Victoria Lebrec calls for cycling safety action
“Nothing changed after Harriet’s death and if Islington Council had taken action then a lot of suffering on my behalf and my family’s behalf would have been stopped,” said Ms Lebrec.
Speaking about the meeting, she said: “All of the plans were drawn up and more or less ready to go and I felt encouraged that, despite what had happened to me, at least the powers that be had taken notice and seemed committed to preventing collisions like mine happening again.”
“Works haven’t begun and public consultation will be well into next year,” she added. “That’s three years since the plans were originally drawn up. Three years is a really unacceptable length of time and there is no way that traffic modelling takes that long to do.

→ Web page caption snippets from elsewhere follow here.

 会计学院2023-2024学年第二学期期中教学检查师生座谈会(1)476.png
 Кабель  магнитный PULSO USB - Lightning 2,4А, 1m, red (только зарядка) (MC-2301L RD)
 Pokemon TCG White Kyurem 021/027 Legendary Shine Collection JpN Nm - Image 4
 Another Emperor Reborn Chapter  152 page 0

“I think Islington Council should know that it is insulting to me and the victims of these collisions to delay any further. The longer these plans take to be put into effect, the more people are going to die. Truthfully one of my biggest fears is that somebody else dies or has a life-changing accident at the junction I had mine.”

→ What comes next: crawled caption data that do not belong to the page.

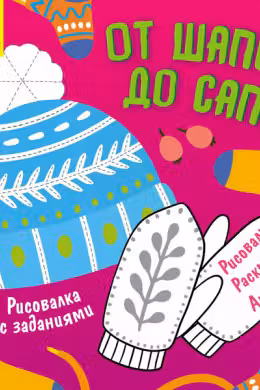 Рисовалка с заданиями: От шапок до сапог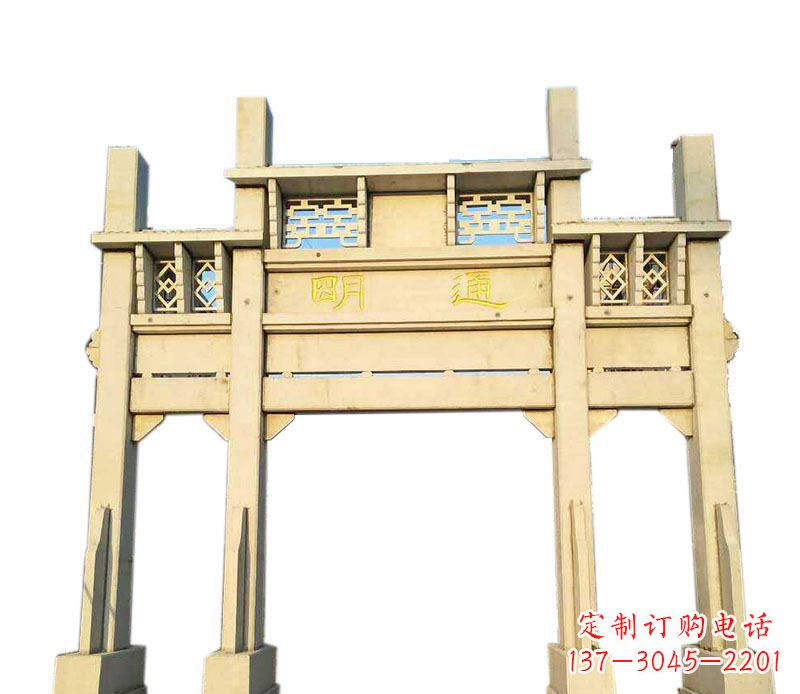 荆州三门仿古牌坊石雕——给您的家园带来传统之美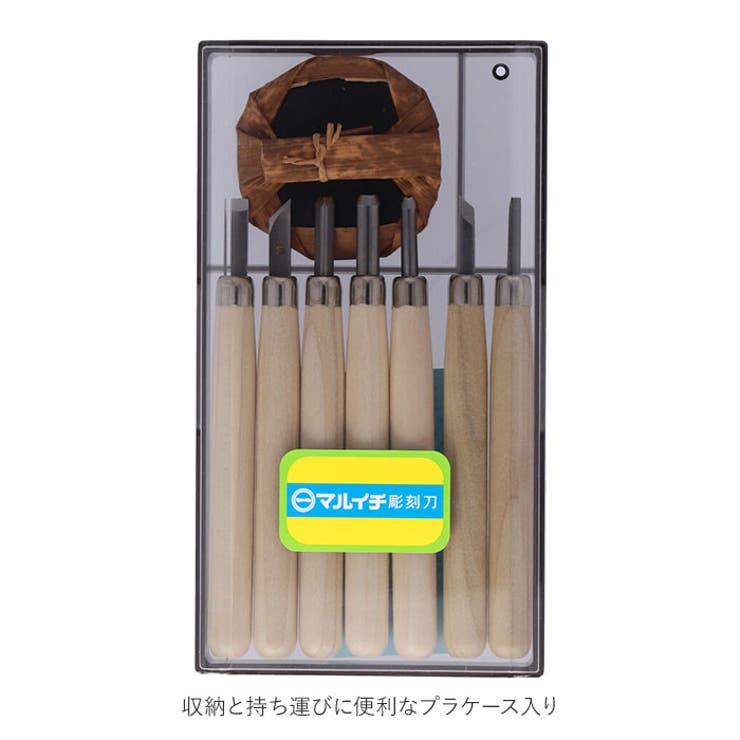 彫刻刀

Ms Lebrec, who now has an artificial leg, made national headlines when she hugged and forgave the driver of the lorry, saying he had “just made a mistake”.
Protesters set up a headstone outside the Town Hall to make their point
Wednesday’s protest, where cycling campaigners stopped traffic in Upper Street, was called in memory of Jerome Roussel, who died in June, seven weeks after hitting a stationary lorry in Pentonville Road – a road which is controlled by TfL, not the council. Organiser Donnachadh McCarthy led the crowd with chants of “shame on Islington Council” after citing the fact that the borough has not built any segregated cycleways in 20 years.

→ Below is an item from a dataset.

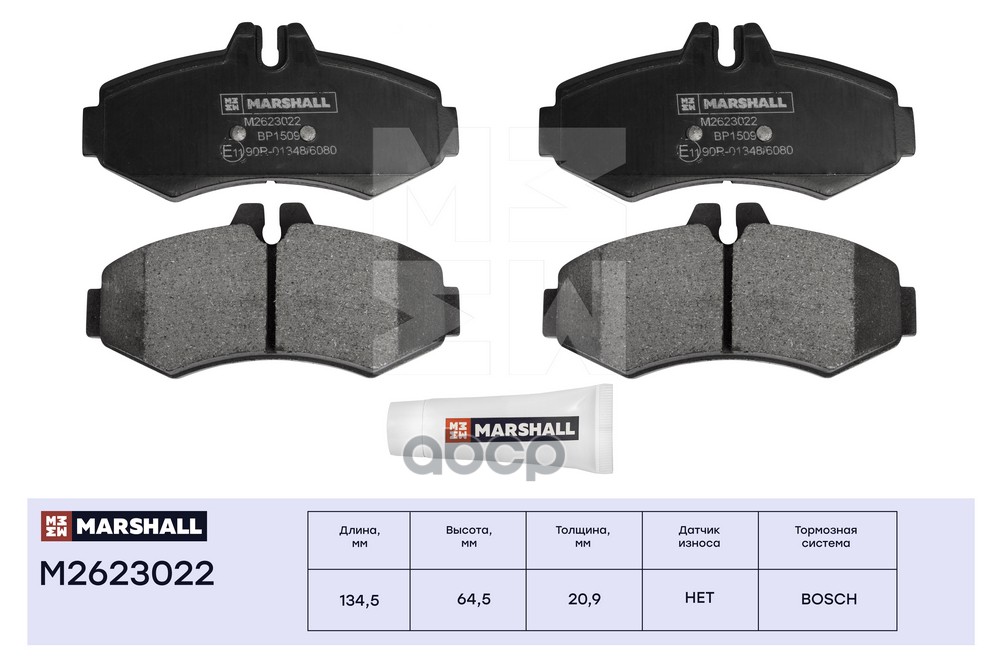 Торм. колодки дисковые передн. MB V-Class I (W638) 96- / Vito (W638) 96- (M2623022) MARSHALL арт. M2623022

Opposition councillor Caroline Russell said after the protest: “In a borough where a majority have no access to a car – and many of those that do have cars use them infrequently – it’s shameful so little is being done to fix the traffic-dominated hostile roads and make them good places to walk and to ride a bike.”
A similar protest was held in Camden Road in September, at the spot where Albanian national Ardian Zagani was killed after being struck by a van. That too is a TfL road.
It came just days after campaign group Cycle Islington wrote an open letter to Islington’s transport chief Claudia Webbe after their own members accused them of being too “restrained” in their criticism of the council.
A protester spells out her message
While acknowledging their regular meetings with council, the letter said: “Yet sadly, our regular input and advice is still rebuffed rather than incorporated into a strategy for improvement. Progress on the ground has never extended beyond minor tweaks, in contrast to more ambitious work in other boroughs – Islington has fallen behind its neighbours.”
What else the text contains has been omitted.